Introduction

Lung cancer is the leading cause of cancer-related mortality globally, with about 2.2 million incidences and 1.8 million deaths in 2020 (Hughes et al. 2022). Late diagnosis is largely responsible for its extremely high mortality rate (Ji et al. 2023). The 5-year survival rate for patients with stage I disease is about 81%–85% while it decreases in 15%–19% for patients with higher stages (Begum et al. 2011; Blandin Knight et al. 2017). Therefore, early diagnosis of lung cancer is important, which can help improve the outcome of patients.

Low-dose Computed Tomography (CT) is widely used for detection of pulmonary nodules, but the ambiguous risk evaluation often causes overdiagnosis and radioactivity. To this end, researchers have made efforts all the time in seeking blood markers for early diagnosis of lung cancer, with the most intensively investigated biomarkers including squamous cell carcinoma antigen (SCC-Ag), cytokeratin 19 fragment (CYFRA 21–1), carcinoembryonic antigen (CEA), and neuron-specific enolase (NSE) (Hu et al. 2023). Regretfully, the low sensitivity decreases the performances of those biomarkers.
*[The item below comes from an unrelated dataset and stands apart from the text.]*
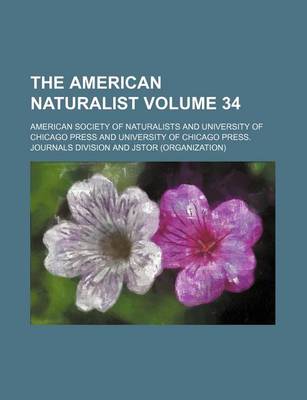 Book cover for The American Naturalist Volume 34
With the increased research focusing on the field of epigenetics, which regulates gene expression without altering the DNA sequence, its crucial roles in the diagnosis of lung cancer have been largely uncovered. DNA methylation is a well-known epigenetic alteration that involves the covalent addition of a methyl group to the cytosine residue of CpG dinucleotides, leading to transcriptional repression (Ansari et al. 2016). In lung cancer, several studies have published their data to support the potentially high values of gene methylation in the early diagnosis of lung cancer using the circulating free DNA (cfDNA) samples. For instance, Hu et al. (2023) developed a “7-DMR model” (7 differentially methylated genes (HOXB4, HOXA7, HOXD8, ITGA4, ZNF808, PTGER4, and B3GNTL1) to distinguish lung cancers from benign nodules, achieving the sensitivities of 89%/92%, specificities of 94%/100%, and accuracies of 90%/94% in the discovery cohort and validation cohort. Chen et al. (2020) demonstrated that the combination of CDO1, SOX17, and HOXA7 had the ability in distinguishing the smallest lung nodules among 1.1–2.0 cm (sensitivity 74%; specificity, 93%), while the combination of CDO1, TAC1, and SOX17 was best in tumor sizes < 1.0 cm (sensitivity 71%; specificity, 82%). However, the performance of these models needs to be improved, leaving the combination of gene methylation panel as a problem demanding prompt solution.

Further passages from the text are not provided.